Assim foi com o ponto facultativo e mais ainda com sua origem a doutrina positivista, outra excrescência que criou sólidas raízes em nossa terra. Basta dizer que o positivismo esteve por trás da proclamação da República, dos tempos de Getúlio Vargas e dos governos militares. Todos esses movimentos vinculados às ideias autoritárias de Augusto Comte (1798 –1857), pensador francês criador do positivismo e notório desequilibrado mental.
Ludwig Von Mises em seu tratado Ação Humana dizia que Comte se considerava o supremo legislador universal, mas podia ser desculpado, já que era louco, no sentido mesmo com que a patologia emprega esse vocábulo.

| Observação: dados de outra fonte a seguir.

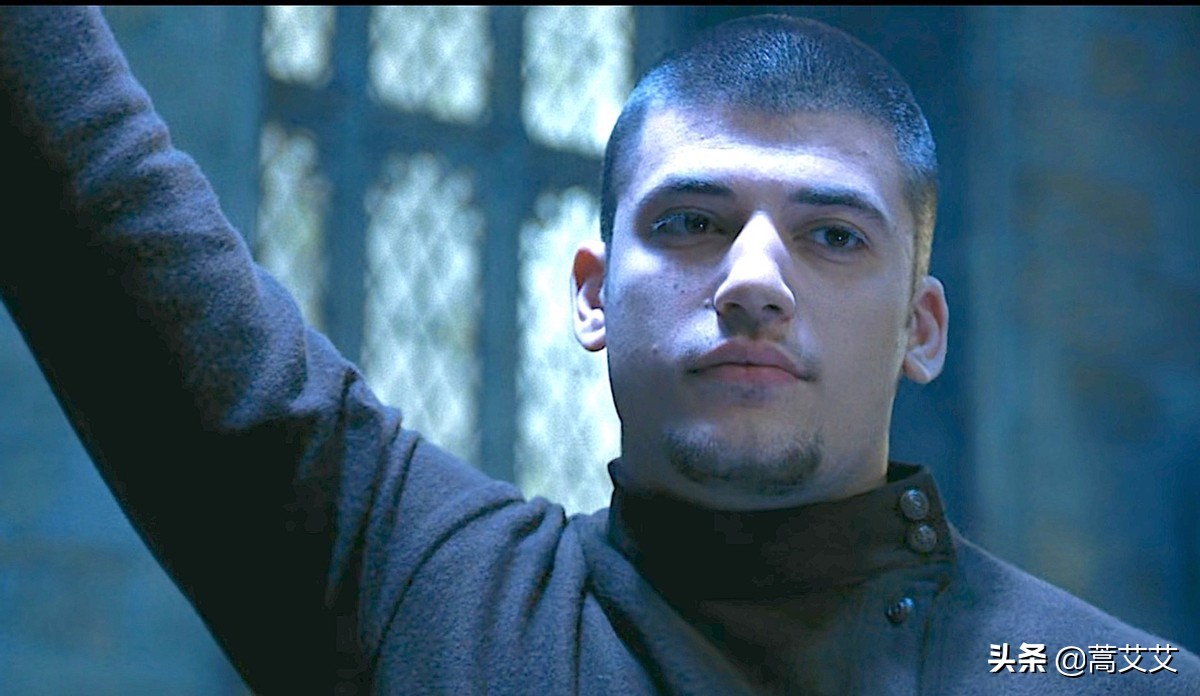 《哈利波特》：除了霍格沃茨，你知道还有别的魔法学校吗？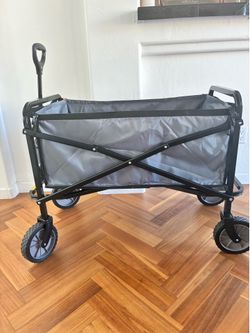 Utility wagon (cart)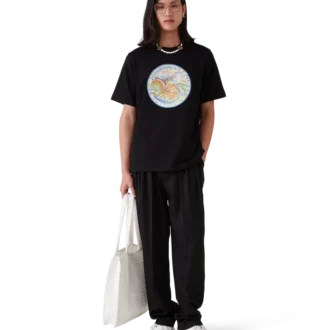 Camiseta «Los cuatro elementos»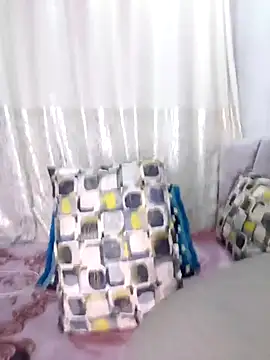 Cat Sharisa online show from 11/01/25, 07:49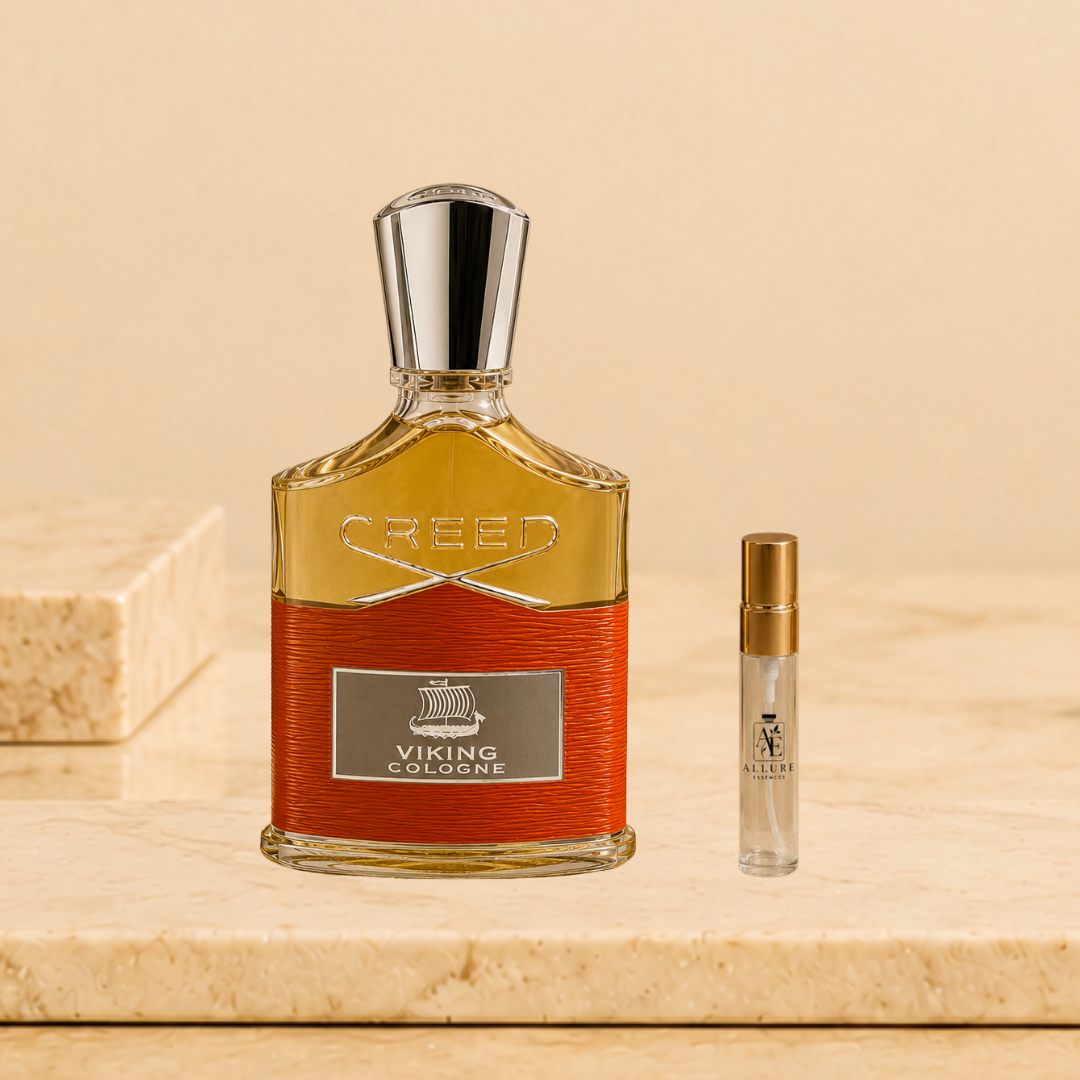 Creed Viking Cologne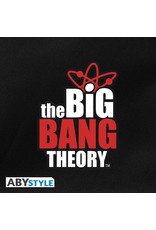 The Big Bang Theory Merchandise - The Big Bang Theory Backpack - 42cm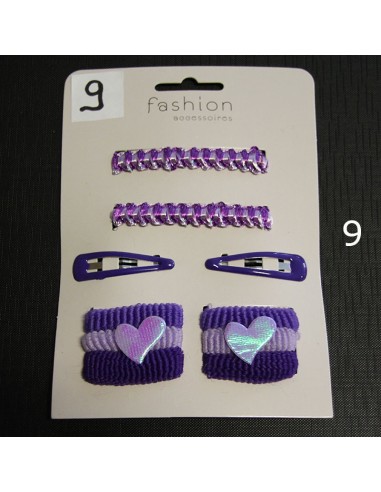 Fashion accesoires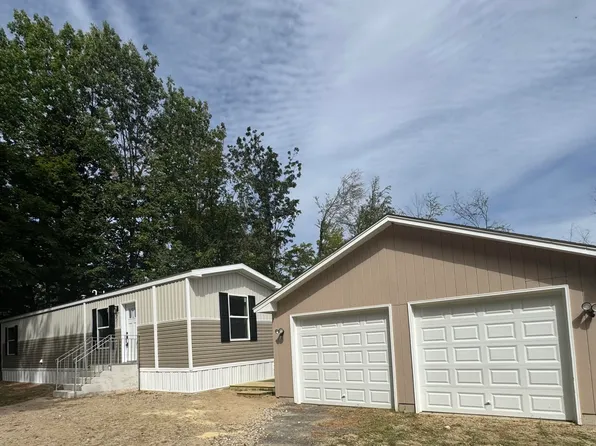 151 Clarks Bridge Road, Waterboro, ME 04061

Mas como desculpar seus seguidores? E eles foram muitos no Brasil.
Quem revelou as origens do ponto facultativo foi Jorge Americano em sua obra São Paulo Naquele Tempo. Sob forte influência positivista a República, de 1889, havia cindido a ligação entre Igreja e Estado. Por essa razão as repartições públicas e escolas não preservavam os dias santificados, desrespeitando o mandamento da Igreja Católica, que determina guardar domingos e dias santos. Os funcionários públicos sofriam descontos nos vencimentos se faltassem na sexta-feira da Paixão e no dia de Natal, e os professores eram avisados de que o não comparecimento constituiria falta grave, por impedir de terem aula os alunos que aparecessem. Compareciam alguns, mas muito poucos. No governo Rodrigues Alves (1902 – 1906) entrou em ação o espírito conciliador brasileiro para solucionar a controvérsia. Nascia o ponto facultativo. Mas era facultativo só para os porteiros das repartições. Se eles não fossem, os funcionários públicos eram impedidos de assinar o ponto, porque a repartição estaria fechada. Assim a ausência ao trabalho foi estendida a todos. Jamais qualquer porteiro compareceu às repartições, naquelas datas e nenhum funcionário reclamou, administrativa ou judicialmente. O único protesto foi da Igreja Positivista do Brasil. Foi assim que nasceu essa risível extravagância, tipicamente brasileira, que até hoje conturba a rotina do país, reduzindo-lhe a produtividade da economia e, portanto, prejudicando a vida de todos. Houaiss define esdrúxulo como “fora dos padrões comuns e que causa espanto ou riso; esquisito, extravagante, excêntrico”. Assim foi o Positivismo: esdrúxulo, mas ao mesmo tempo intolerante, tirânico, antinatural e antidemocrático. E só vingou no Brasil, dominando-o por quase todos os anos 1900. Legou-nos ainda seu modo de pensar autoritário, difuso, muito sutil e pouco visível, que permeia toda a ação do poder público no país.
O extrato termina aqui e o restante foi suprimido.